The modern era of aluminum electrolytic capacitors

The first article in this series [1] covered the early history of electrolytic capacitors, from their invention around 1880 to the invention of the modern Al electrolytic capacitor structure in 1925. To summarize the early history, "valve metals" were recognized in the 1880s for their ability to conduct in one direction but impede current flow in the opposite direction as a result of oxide growth when submersed in an appropriate electrolyte. Early attempts to use the oxide as a dielectric so formed were frustrated by acidic electrolytes, which damaged the oxide layer and resulted in short capacitor life. Charles Pollak, a manufacturer of rechargeable batteries, realized the importance of the electrolyte and found that a neutral or basic electrolyte provides much greater stability of the oxide layer.

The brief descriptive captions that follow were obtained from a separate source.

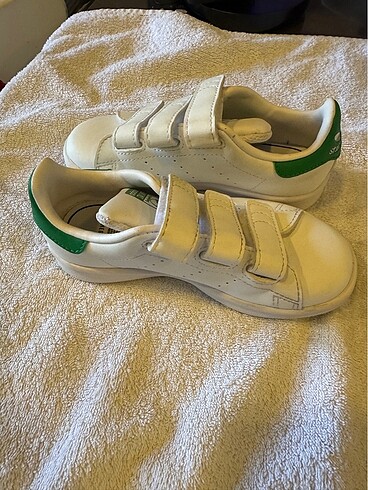28 Beden Stan Smith Spor Ayakkabı
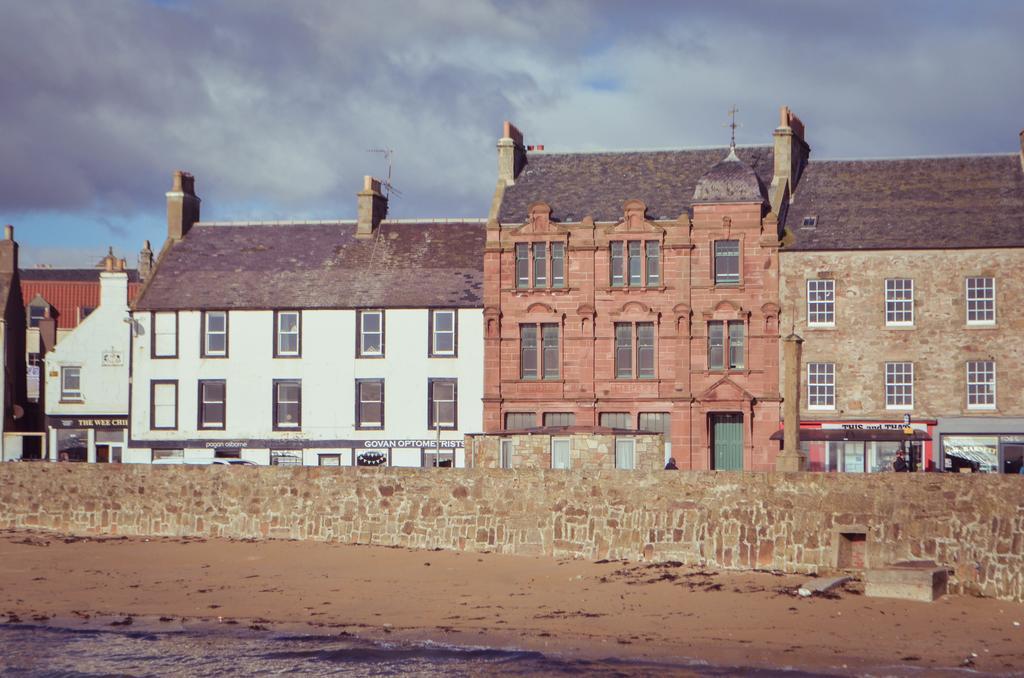 Murray Library Hostel Anstruther Exterior photo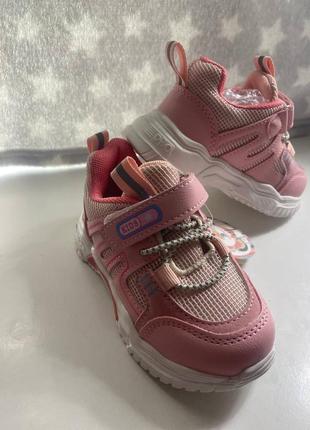 Кросівки для дівчаток 4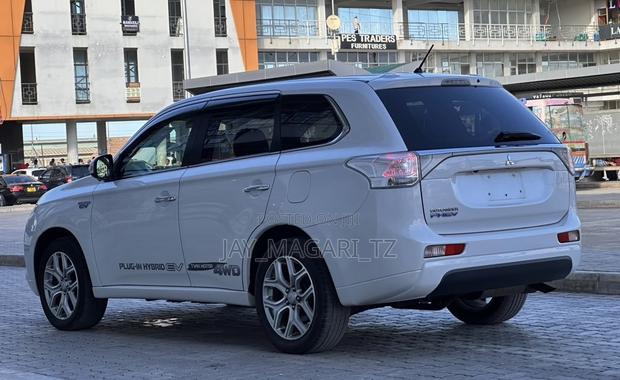 Mitsubishi Outlander 2013 White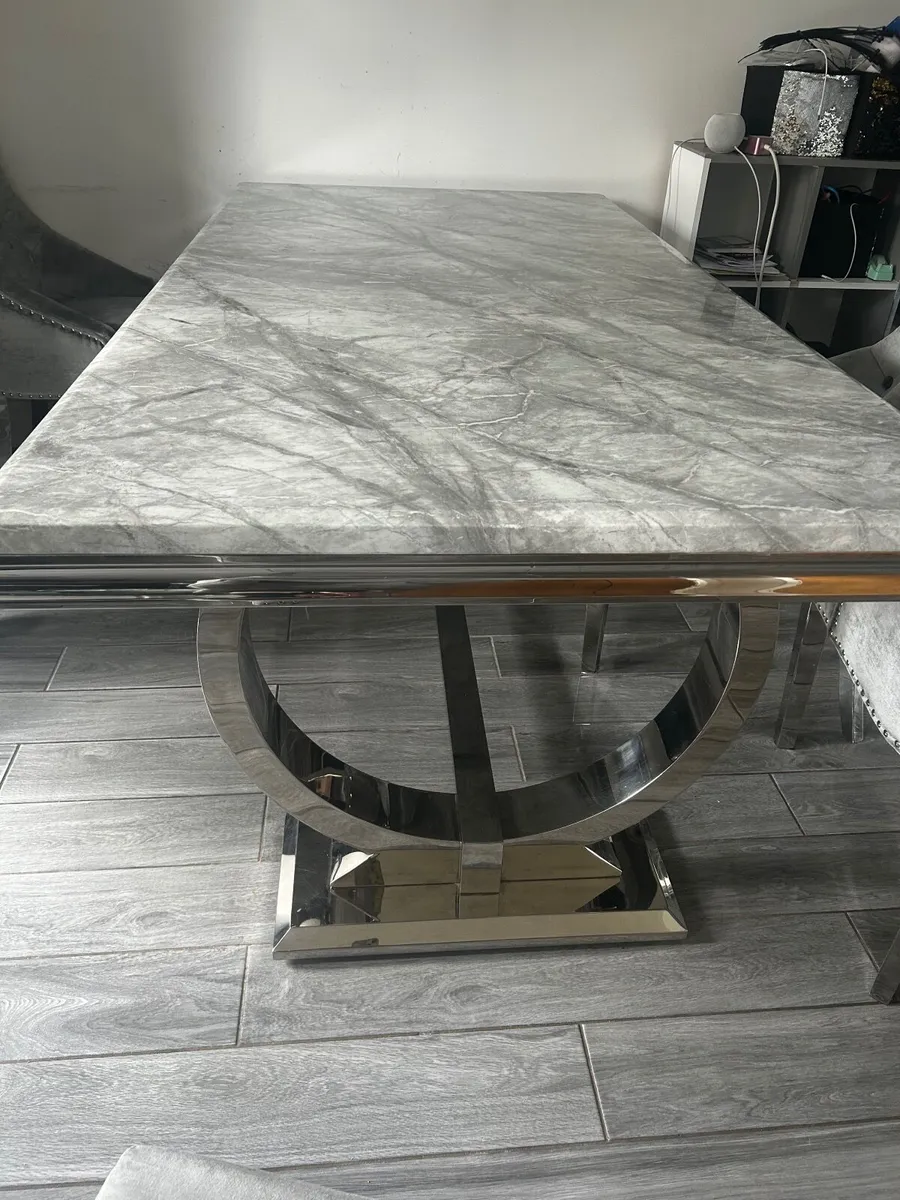 Dining table - Image 3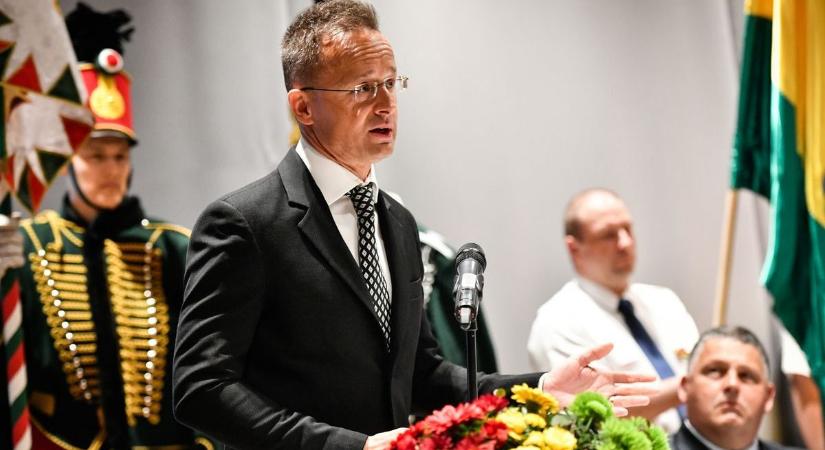 Komárom díszpolgára címet vehetett át Szijjártó Péter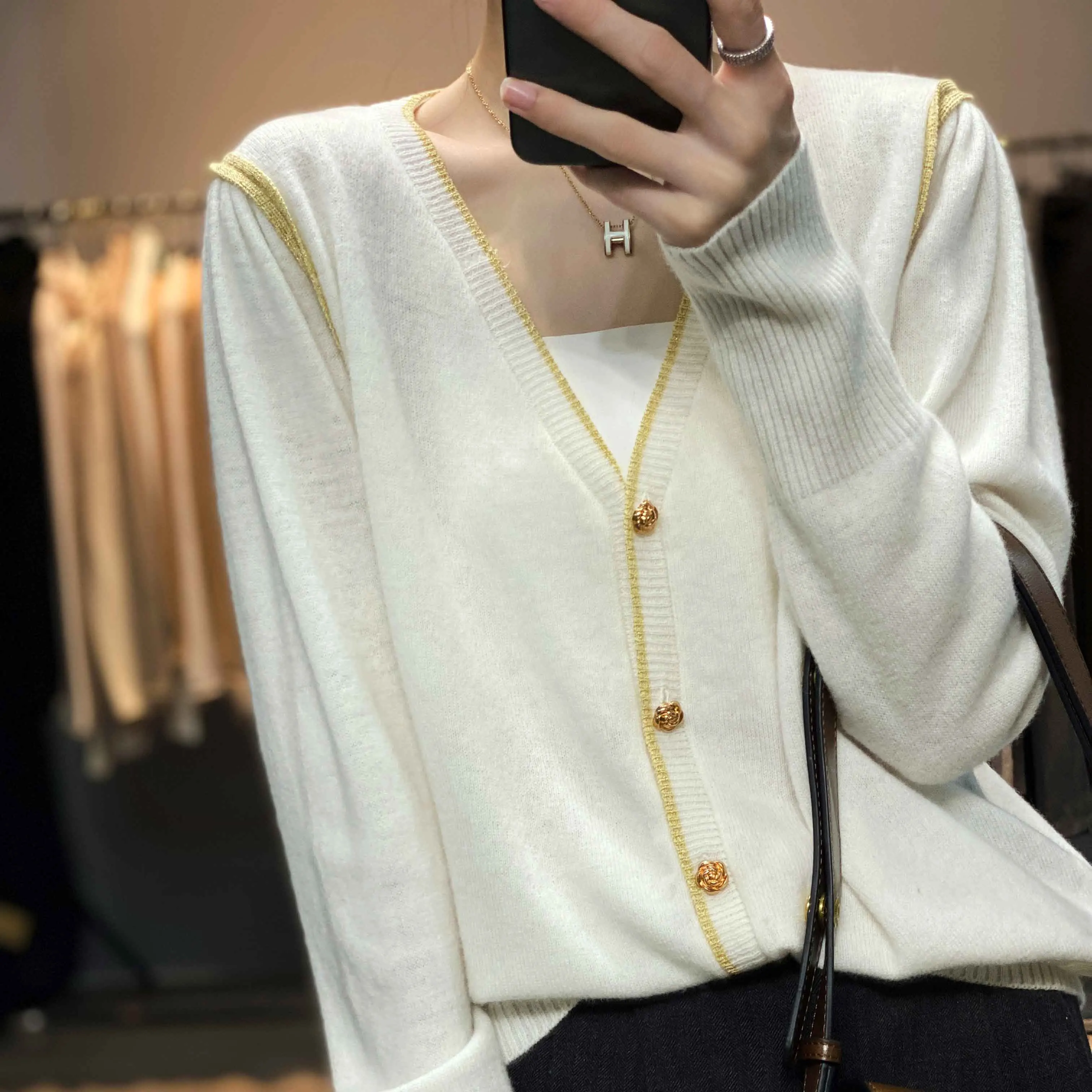 Temperament small incense wind knitted cashmere cardigan women autumn winter new V-neck loose thin sweater short wool coat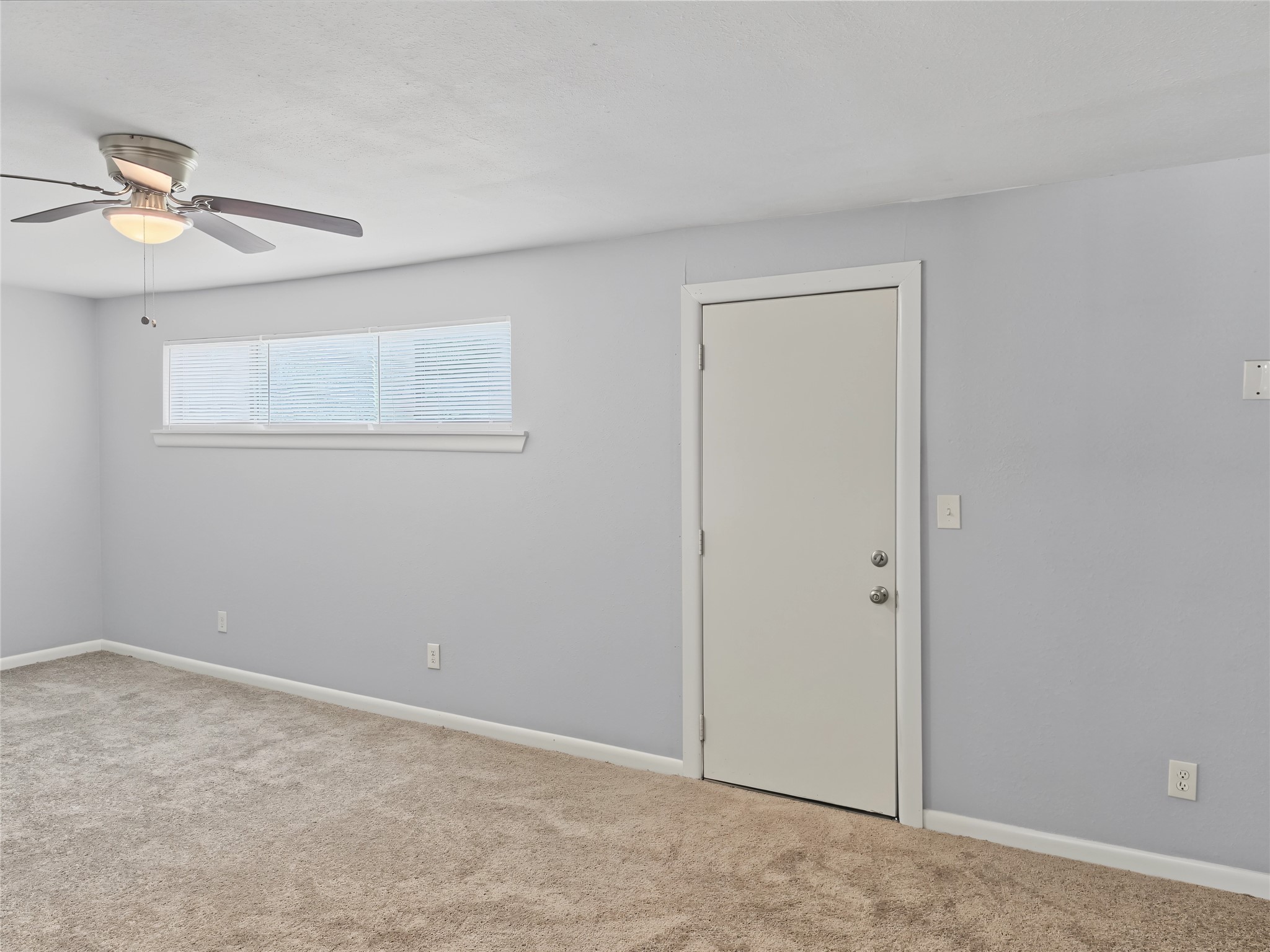 5427 Willow Glen Drive Property Photo 11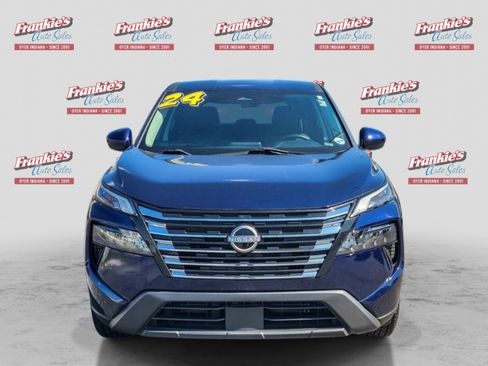 Used 2024 Nissan Rogue SV FWD image 8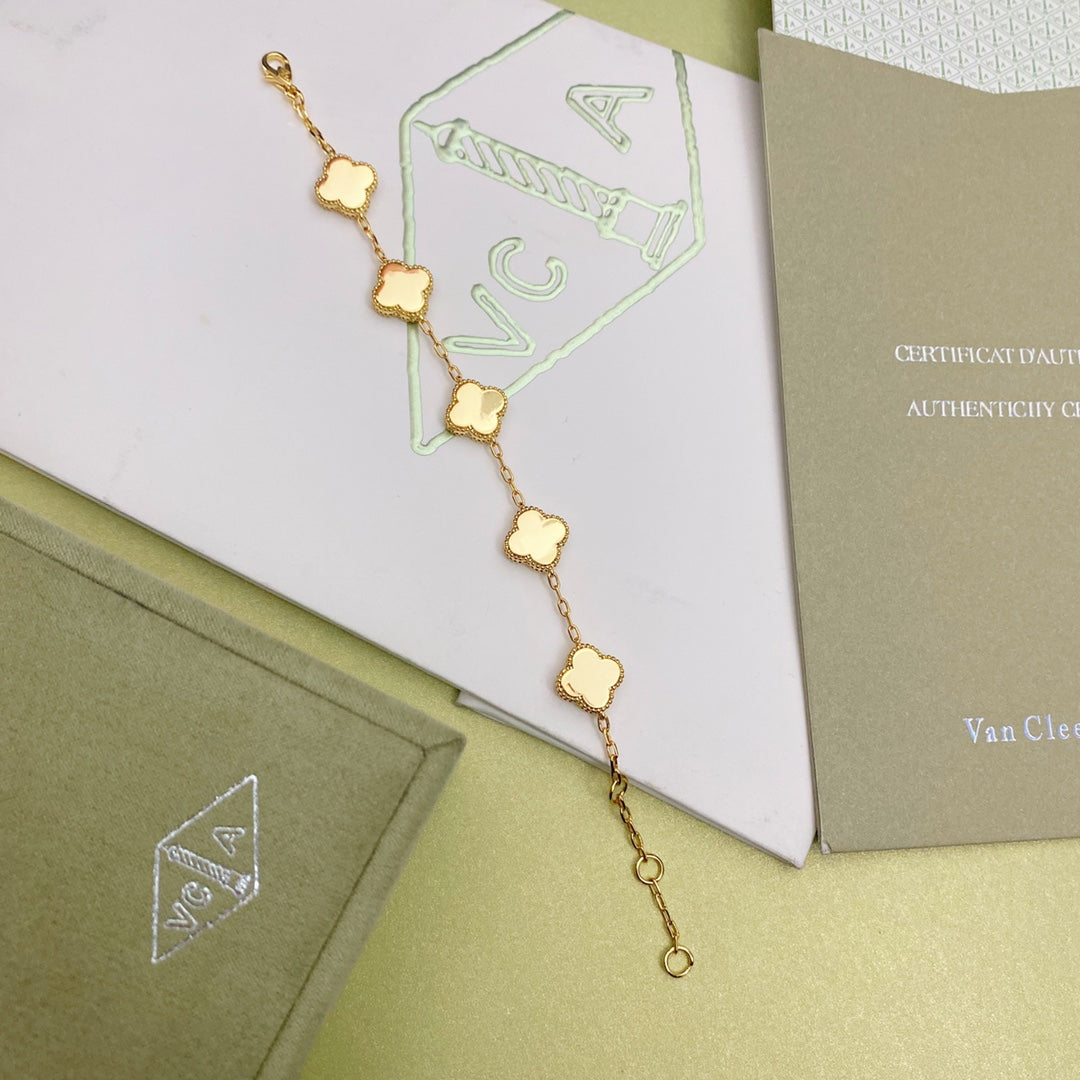 Van Cleef & Arpels White Four-leaf Clover Bracelet – Luxury Jewelry – product image 4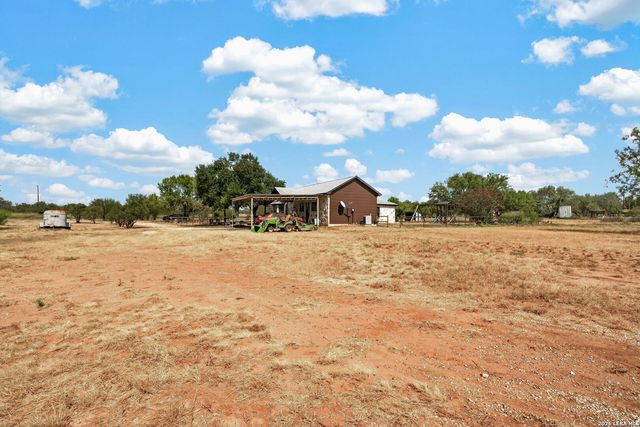 5431 STATE HIGHWAY 173 N, Devine, TX 78016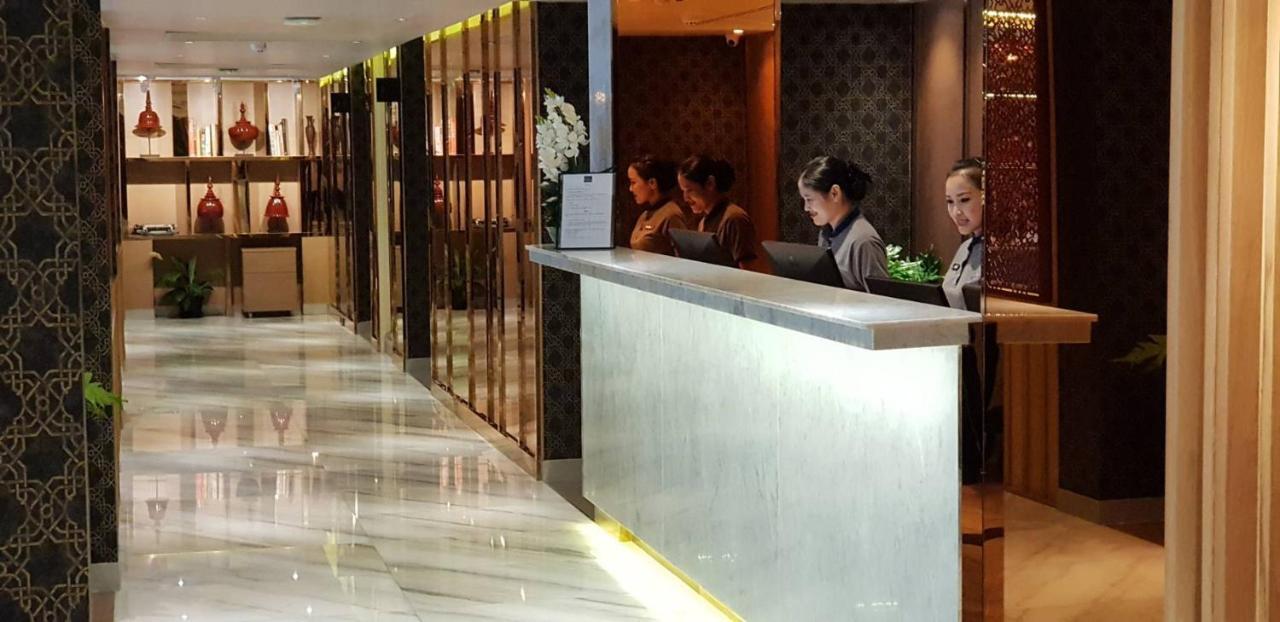 Bizotel Premier Hotel & Residence Бангкок Екстер'єр фото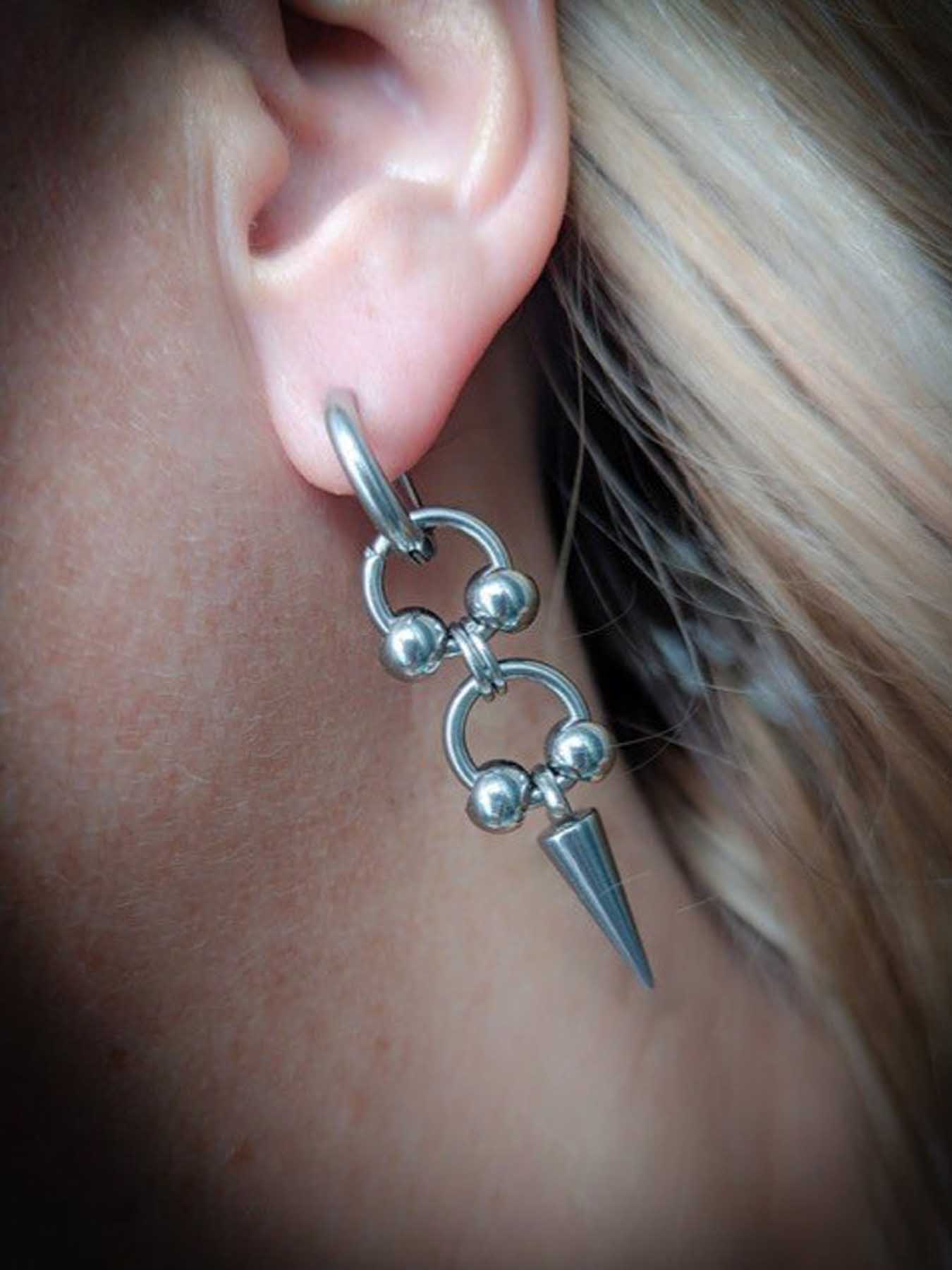 1 Pair of Gothic Stainless Steel Rivet Pointed Cone Double Ring Earrings, Retro Men's and Women's Earrings, Minimalist Punk Party Street Style Earrings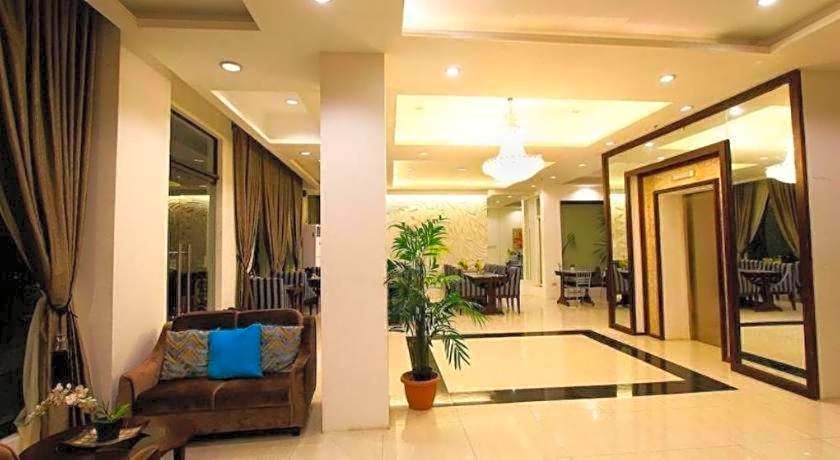 Islands Hotel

In his 1896 German patent application for an electrolytic capacitor, Pollak described his invention as a "liquid condenser with aluminum electrodes, which are covered with a uniformly insulating layer generated by forming with a weak current, characterized by using an alkaline or neutral electrolyte. Since the insulating layer is very thin, the condenser has a very high capacitance and could be used as a polarized capacitor in a DC circuit." Early electrolytic capacitors consisted of an Al electrode in a "bath" of electrolyte. The resistance of the electrolyte resulted in a relatively high equivalent series resistance (ESR), and the capacitors were both bulky and heavy, although not relative to the alternatives at the time. Mains-operated radio receivers, introduced around 1927, created a large consumer market for capacitors, which were required to produce ripple-free DC voltages. Wax paper capacitors, limited to 1 or 2 μF, had to be combined with bulky chokes (inductors) to produce efficient power frequency filters. Electrolytic capacitors provided much greater capacitance so that the chokes were not necessary, but early electrolytic capacitors used in radio receivers still consisted of an oxidized anode in a bath of electrolyte.